No significant difference was observed in the prevalence between males (70.9%) and females (68.9%), as well as between the different ages in this study. This pattern of infection may be an indication of the equal exposure of both genders and the ages examined in the study due to significant water contact activities. The observed prevalence of microhematuria (70%) in the overall study population was similar to what was previously reported in this study area [19]. No significant difference was observed regarding microhematuria between ages and sexes, and this may be explained by the fact that microhematuria is a characteristic symptom of urinary schistosomiasis in endemic communities and its prevalence has been shown to correlate positively with urinary schistosomiasis infection. This prevalence decreased rapidly during the fourth and eighth week following PZQ treatment. This finding is in agreement with previous studies that suggest that urine reagent strips could potentially estimate the intensity of S. haematobium infection in endemic areas [31, 20]. The current WHO guidelines for preventive chemotherapy recognize hematuria prevalence, in addition to egg count-based criteria, as an effective means to identify communities with high, moderate or low risk for schistosomiasis [32].

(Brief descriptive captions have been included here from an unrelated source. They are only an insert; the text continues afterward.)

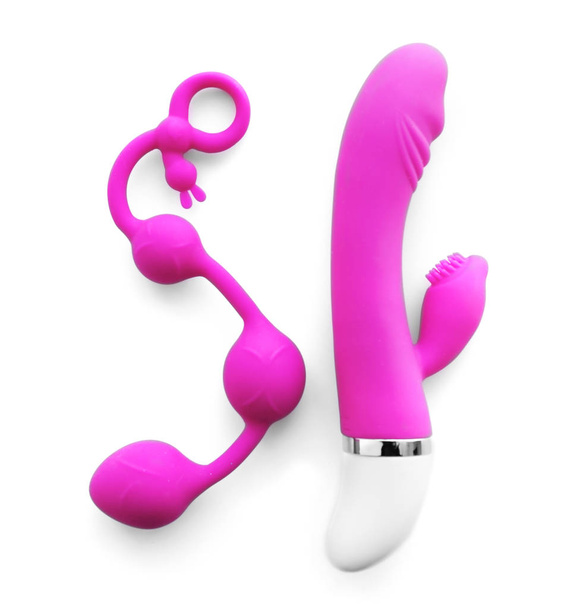 Vibrator and anal balls on white background - Фото, изображение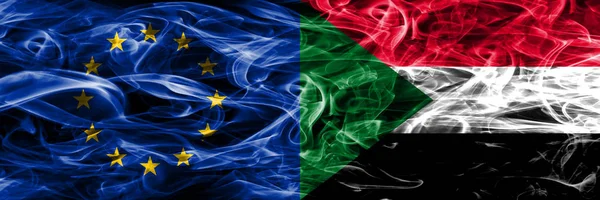 Europe Union and Sudan colorful concept smoke flags placed side by side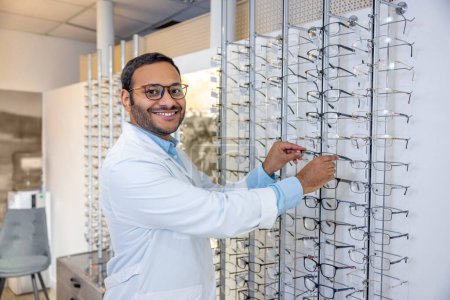 Photo for Eyeglasses for you. Smiling male consultant in lab coat selling eyeglasses - Royalty Free Image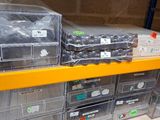 many bins of assorted items on a shelf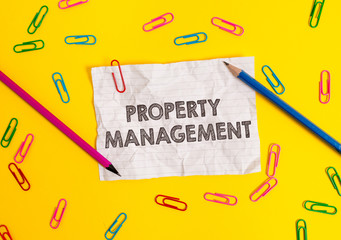Conceptual hand writing showing Property Management. Concept meaning Overseeing of Real Estate Preserved value of Facility Blank crushed paper sheet message pencils colored background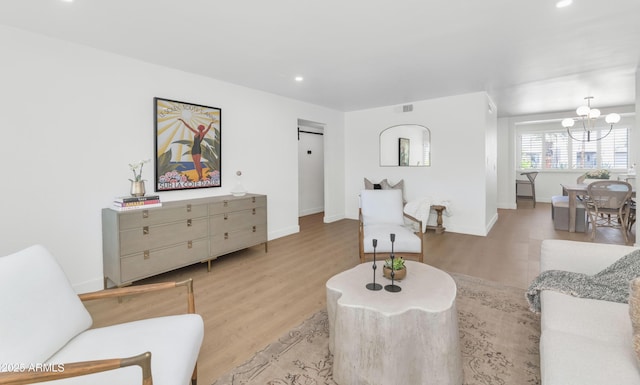 4201 E Camelback Rd Unit 70, Phoenix, AZ 85018 - living area featuring wood finished floors, a chandelier, recessed lighting, and baseboards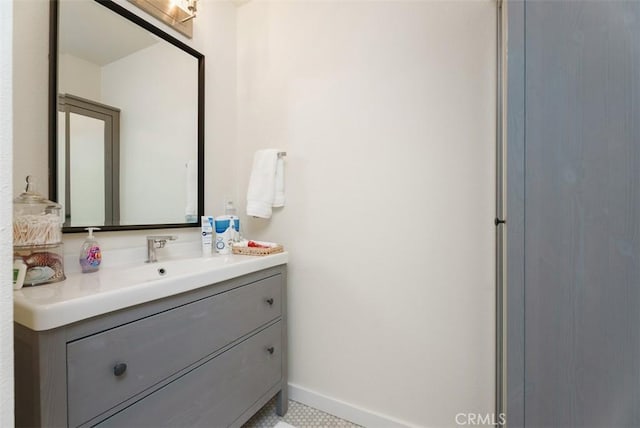 bathroom featuring vanity and baseboards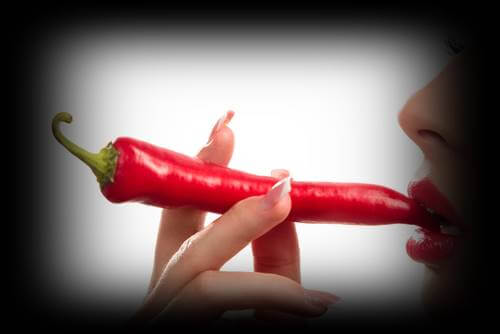 A woman eating chilli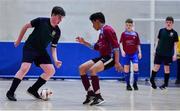 18 August 2019; Shane Flannery of Kilmaine, Co Mayo in action against Edwin Saju of Caherdavin, Co Limerick in the Futsal U15 boys semi-final during Day 2 of the Aldi Community Games August Festival, which saw over 3,000 children take part in a fun-filled weekend at UL Sports Arena in University of Limerick, Limerick. Photo by David Fitzgerald/Sportsfile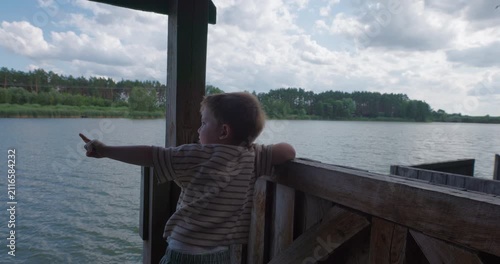 Cute little boy standing on wooden pier and pointing finger towards lake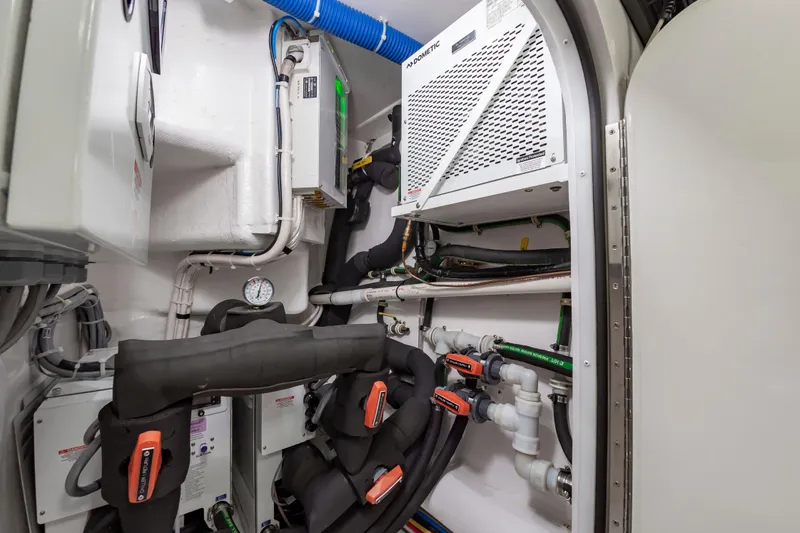 Slide: The Image of Engine room of 2024 Viking 72 Convertible yacht with advanced mechanical systems. - 114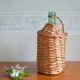 Viresa glass bottle and woven rattan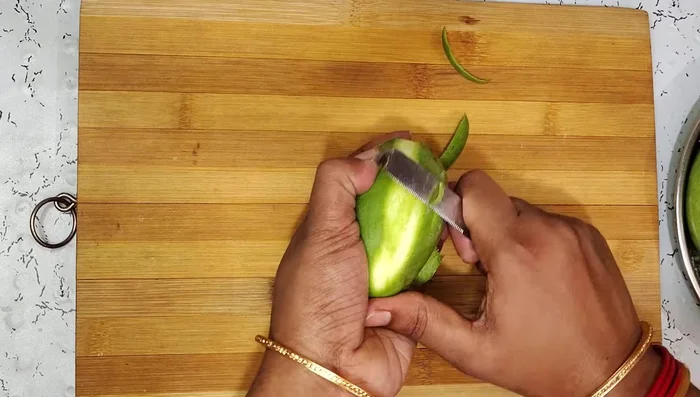 Cut the peeled mangoes into small pieces, ensuring the seeds are removed.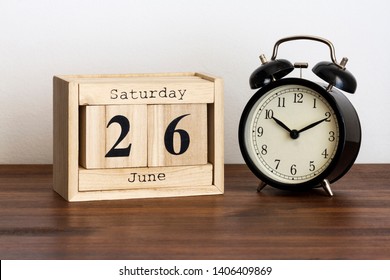 Wood Calendar With Date And Old Clock. Saturday 26 June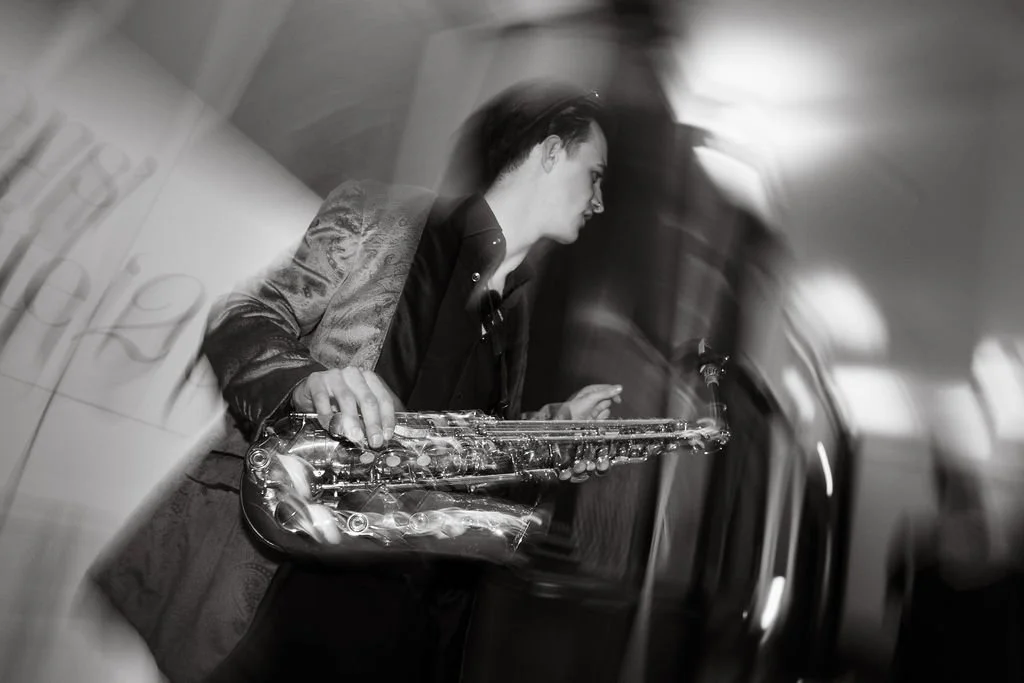 A man holding a saxophone in a blurred, black-and-white photo.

An unusual result observed in our study was that none of the students infected with either a light or heavy S. haematobium infection were anaemic. We observed that the mean PCV of pupils with heavy infection intensity was significantly higher than pupils with a light infection or those who were not infected. Many previous studies have demonstrated a high prevalence of anaemia among school children living in S. haematobium endemic areas [33, 16]. While anaemia is well associated with schistosomiasis based on the pathogenesis of blood loss that results from S. haematobium infection, the blood loss could also be compensated with foods such as fish and green leafy vegetables which are abundantly available and consumed in these local communities. The unexpected observation in this study could raise important questions that need further research. In a similar manner, the S. haematobium infection status has no influence on the weight and height of the students in this endemic area.

Conclusion

This study demonstrated the efficacy of PZQ against S. haematobium in Nigeria. In view of the fact that the use of the drug will only increase as it is the only available widely-used drug, constant monitoring of drug resistance becomes imperative. It would also be beneficial to investigate the effects of repeated therapeutic doses of PZQ at different time intervals since repeated doses have been reported to produce a higher efficacy in comparison to single treatment in endemic areas. There is need to explore other alternative treatment regimens such the PZQ and artemisinin (ACT) derivatives combination as ACT derivatives have been shown to be active against immature schistosome worms [34]. There is need for a more co-ordinated effort by the government through the provision of alternative water sources that are cercariae free, through continuous and constant mass drug administration and through integrated vector control in order to bring an end to the ravaging scourge of this disease in this area.